Danach werden die einzelnen Baugruppen des Satellitenempfängers im Hinblick auf ihre Kosten analysiert (Target Costing – Kostenanalyse).

  • Audiogruppe
  • Modulator
  • SAT Tuner
  • Videobaugruppe
  • Netzteil
  • Stecker
  • Fernbedienung
  • Kabel
  • Bedienungsanleitung

Im letzten Schritt werden die Baugruppen den Funktionen des Satellitenempfängers gegenüber gestellt. In einer Matrix wird aufgetragen, wie hoch der Grad der Erfüllung einer Baugruppe an der Erfüllung der jeweiligen Funktion ist (Target Costing – Funktionserfüllung der Baugruppe).

Mit den oben genannten Schritten besteht ein vollständiger numerischer Bezug zwischen den Kundenanforderungen und den Kosten der Baugruppe.
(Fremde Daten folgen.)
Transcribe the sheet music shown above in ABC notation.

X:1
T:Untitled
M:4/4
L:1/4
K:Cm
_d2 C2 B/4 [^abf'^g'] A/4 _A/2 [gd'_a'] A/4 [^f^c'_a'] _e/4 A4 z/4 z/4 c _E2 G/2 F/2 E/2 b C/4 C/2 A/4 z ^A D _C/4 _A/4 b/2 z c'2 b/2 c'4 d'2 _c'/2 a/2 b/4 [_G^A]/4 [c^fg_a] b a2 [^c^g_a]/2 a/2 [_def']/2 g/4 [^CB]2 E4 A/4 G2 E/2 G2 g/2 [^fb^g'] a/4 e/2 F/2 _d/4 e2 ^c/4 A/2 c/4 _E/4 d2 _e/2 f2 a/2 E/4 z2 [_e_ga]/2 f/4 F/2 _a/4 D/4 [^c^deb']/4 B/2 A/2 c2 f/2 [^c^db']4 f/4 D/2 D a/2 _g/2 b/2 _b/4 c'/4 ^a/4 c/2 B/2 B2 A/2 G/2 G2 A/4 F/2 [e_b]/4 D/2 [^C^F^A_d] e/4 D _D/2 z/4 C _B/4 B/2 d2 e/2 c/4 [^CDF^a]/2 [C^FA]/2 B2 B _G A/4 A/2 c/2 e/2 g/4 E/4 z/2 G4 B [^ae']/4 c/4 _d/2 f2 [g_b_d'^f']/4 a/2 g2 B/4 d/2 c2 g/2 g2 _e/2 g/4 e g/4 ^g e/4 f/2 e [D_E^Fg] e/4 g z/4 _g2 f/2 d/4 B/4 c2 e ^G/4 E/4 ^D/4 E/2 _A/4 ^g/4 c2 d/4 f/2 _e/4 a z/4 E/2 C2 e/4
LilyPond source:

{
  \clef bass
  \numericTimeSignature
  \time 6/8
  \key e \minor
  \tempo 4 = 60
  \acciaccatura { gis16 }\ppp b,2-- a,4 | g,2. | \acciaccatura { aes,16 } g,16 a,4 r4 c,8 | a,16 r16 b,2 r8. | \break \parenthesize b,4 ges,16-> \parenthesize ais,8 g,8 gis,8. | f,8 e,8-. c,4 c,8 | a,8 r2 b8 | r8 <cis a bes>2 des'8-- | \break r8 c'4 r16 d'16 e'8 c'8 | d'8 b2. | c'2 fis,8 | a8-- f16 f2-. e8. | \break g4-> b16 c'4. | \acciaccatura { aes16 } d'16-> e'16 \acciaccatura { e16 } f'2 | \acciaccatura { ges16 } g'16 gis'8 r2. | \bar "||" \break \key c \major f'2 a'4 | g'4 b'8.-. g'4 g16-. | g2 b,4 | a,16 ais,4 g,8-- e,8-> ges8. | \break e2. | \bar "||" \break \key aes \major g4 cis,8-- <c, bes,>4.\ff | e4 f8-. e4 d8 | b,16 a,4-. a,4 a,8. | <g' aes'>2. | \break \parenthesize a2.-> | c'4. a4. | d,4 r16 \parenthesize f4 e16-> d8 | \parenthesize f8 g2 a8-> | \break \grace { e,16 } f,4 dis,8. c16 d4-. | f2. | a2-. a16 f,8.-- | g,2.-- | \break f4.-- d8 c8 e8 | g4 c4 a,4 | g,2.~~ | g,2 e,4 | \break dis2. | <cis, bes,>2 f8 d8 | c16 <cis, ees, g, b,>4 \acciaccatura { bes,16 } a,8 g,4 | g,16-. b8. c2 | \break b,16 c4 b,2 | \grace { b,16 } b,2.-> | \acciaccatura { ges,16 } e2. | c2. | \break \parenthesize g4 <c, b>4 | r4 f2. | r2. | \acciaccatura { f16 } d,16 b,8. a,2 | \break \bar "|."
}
Dieser Zusammenhang ist in der Grafik auf der rechten Seite dargestellt. Die prozentuale Verteilung der Kosten ist auf der Y-Achse dargestellt. Die prozentuale Verteilung des Kundennutzens ist auf der X-Achse aufgetragen.

Baugruppen, die oberhalb der Diagonalen liegen sind in Bezug auf den Kundennutzen zu teuer. In dem Beispiel muss geprüft werden, ob die Audiobaugruppe und der Modulator für den konkreten Einsatzfall überdimensioniert sind.

Baugruppen, die unterhalb der Diagonalen liegen, sind in Bezug auf den Kundennutzen zu „günstig“. Hier besteht in der Regel die Möglichkeit den Kundennutzen mit geringem Aufwand wahrnehmbar für den Kunden zu erhöhen.

Mit Target Costing werden die Kosten auf Baugruppenebene direkt dem Nutzen für den Kunden gegenübergestellt. Damit kann jede Produktentscheidung direkt an dem Nutzen für den Kunden gespiegelt werden. Die Beteiligten am Produktprozess haben damit ein Maximum an Nachvollziehbarkeit und Transparenz bei Produktentscheidungen (siehe Beispielprojekt zu Target Costing).